**What is required**
No pictures should appear in the copy. Reproduce exactly the lines from the one containing "Hall bathroom. Hall bathroom." through the end of the material below.

**Supplied material**
______________________________

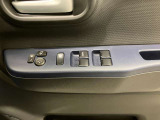 【運転席ドアスイッチ回り】パワーウィンドー[ロック機構]・電動格納式リモコンドアミラースイッチがまとまっているので操作しやすいです。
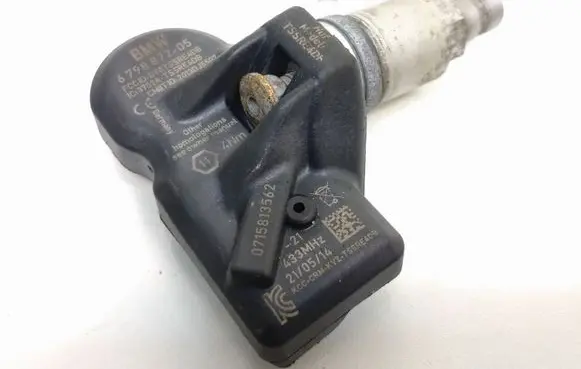 BMW 5 E60 E61 Tire pressure sensor 6798872 679887205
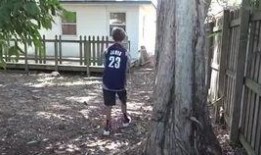 三旬老汉爬树吃瓜,岁月静好，闲情逸致的生活剪影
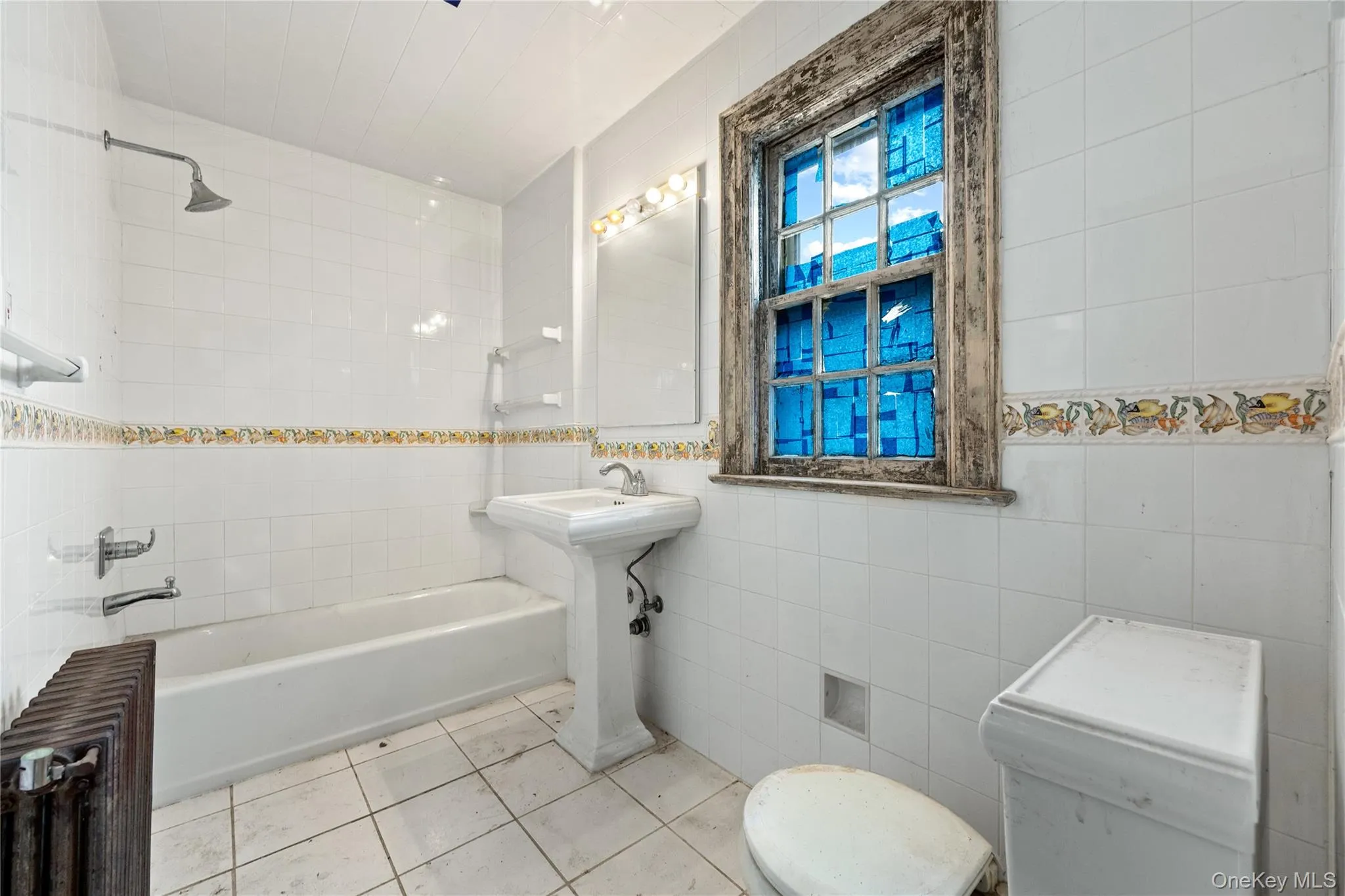 Hall bathroom. Hall bathroom.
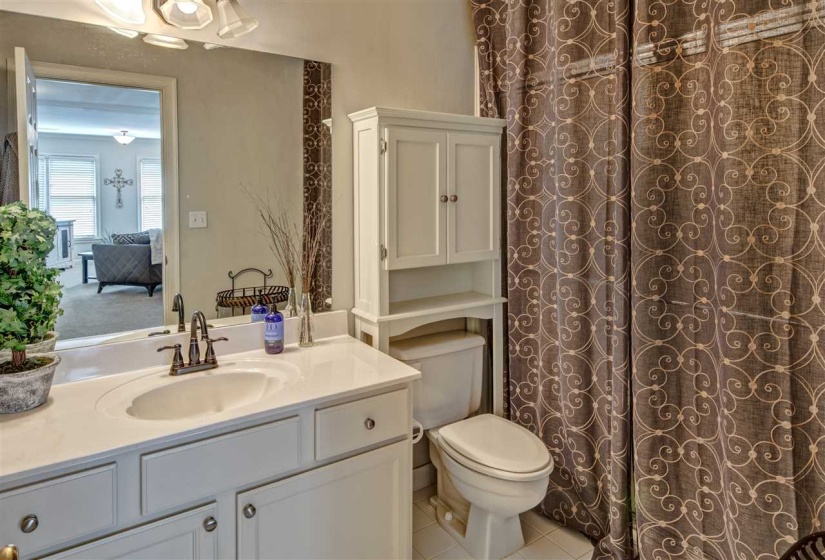 8971 WALNUT LEAF CV, Memphis, Tennessee 38018, 4 Bedrooms Bedrooms, 7 Rooms Rooms,3.1 BathroomsBathrooms,Residential,For Sale,WALNUT LEAF,10224840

______________________________

**Solved problem**
 Hall bathroom. Hall bathroom.
 8971 WALNUT LEAF CV, Memphis, Tennessee 38018, 4 Bedrooms Bedrooms, 7 Rooms Rooms,3.1 BathroomsBathrooms,Residential,For Sale,WALNUT LEAF,10224840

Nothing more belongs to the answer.